2014年8月12日火曜日

裁判上の削除請求

インターネット上のページで,自分の権利が侵害されている場合には,プロバイダが用意している削除要求により削除してもらうこともできます。
ただ,プロバイダとしては,そのページの作成者の表現の自由との兼ね合いから,削除要求があった場合に,何でも削除に応じる,というわけにはいきません。
その判断ができない場合には,削除要求には応じかねる,ということもあり得ます。



そこで,任意での削除要求が認められない場合には,裁判上の請求により,情報の削除を求めていくことになります。

裁判上,削除を求めるには,
(1) いきなり本訴提起する
(2) 仮処分申立をする
という方法が考えられます。

もちろん,本訴を提起したらダメという訳ではありませんが,権利を侵害された状態が裁判の間続くことを考えたら,迅速な被害者救済が期待できる仮処分の方がふさわしいでしょう。

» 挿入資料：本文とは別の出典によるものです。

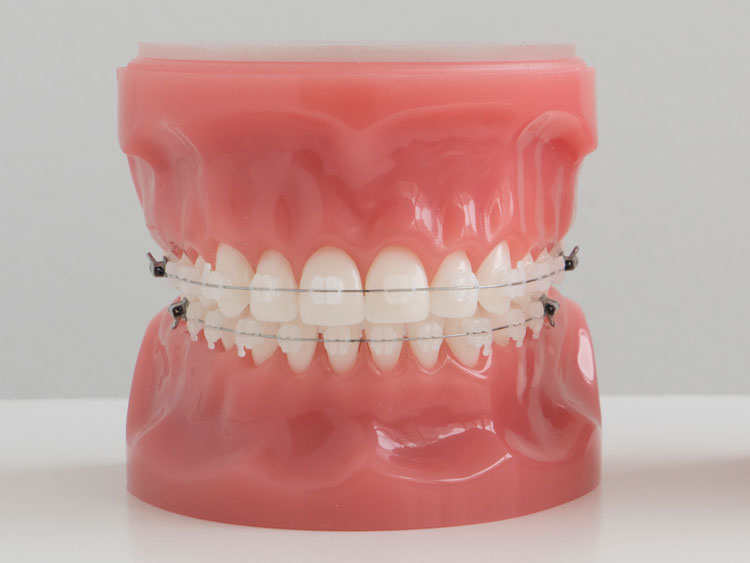 aparato ortodoncia con brackets ceramicos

仮処分においては,名誉・プライバシー等の人格権や,著作権等が被保全権利となり,この権利を守るために,仮に削除することが必要不可欠である旨,主張していくことになります。

仮処分により,仮の削除が認められれば,プロバイダとしてもその情報を削除するでしょうから,被害者としては,当面の目的を達成したことになります。

しかし,仮処分はあくまでも仮の処分であるため,その後本訴の手続があると思っておいた方が良いでしょう。

プロバイダ自身が,権利侵害情報に気づきつつそれを放置したことをもって,損害賠償請求を併せて行うような場合には,本訴提起をする必要があるでしょう。
また,仮処分の決定に対して,相手方は本訴の提起を要求することができる(起訴命令)ので,この場合にも,本訴提起をしなければなりません。

なお,すでに権利を侵害された状態が長らく続いている場合には,保全の必要性が認められず,削除の仮処分は認められない可能性があります。
その場合には,本訴提起を行い,それとともに削除しない場合の損害賠償請求を併せて行うことで,自発的な削除を促すことになるでしょう。

いずれにしても,情報発信者に対する損害賠償を求めていく場合には,削除の要求と同時に侵害されているという事実について,証拠を保全しておく必要があります。